▶ _Task brief_:
Draw out every line with the word "featuring" from the listing below.

▶ _Material shown_:
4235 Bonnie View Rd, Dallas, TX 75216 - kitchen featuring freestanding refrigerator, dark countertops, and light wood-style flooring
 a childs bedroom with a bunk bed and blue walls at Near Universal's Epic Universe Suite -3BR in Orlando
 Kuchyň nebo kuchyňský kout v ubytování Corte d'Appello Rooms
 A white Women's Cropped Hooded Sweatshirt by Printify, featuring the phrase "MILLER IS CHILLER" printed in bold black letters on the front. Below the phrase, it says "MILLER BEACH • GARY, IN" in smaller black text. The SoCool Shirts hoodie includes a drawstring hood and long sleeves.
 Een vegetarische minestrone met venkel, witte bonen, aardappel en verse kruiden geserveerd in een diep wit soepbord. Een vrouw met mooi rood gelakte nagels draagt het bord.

▶ _Answer box_:
4235 Bonnie View Rd, Dallas, TX 75216 - kitchen featuring freestanding refrigerator, dark countertops, and light wood-style flooring
 A white Women's Cropped Hooded Sweatshirt by Printify, featuring the phrase "MILLER IS CHILLER" printed in bold black letters on the front. Below the phrase, it says "MILLER BEACH • GARY, IN" in smaller black text. The SoCool Shirts hoodie includes a drawstring hood and long sleeves.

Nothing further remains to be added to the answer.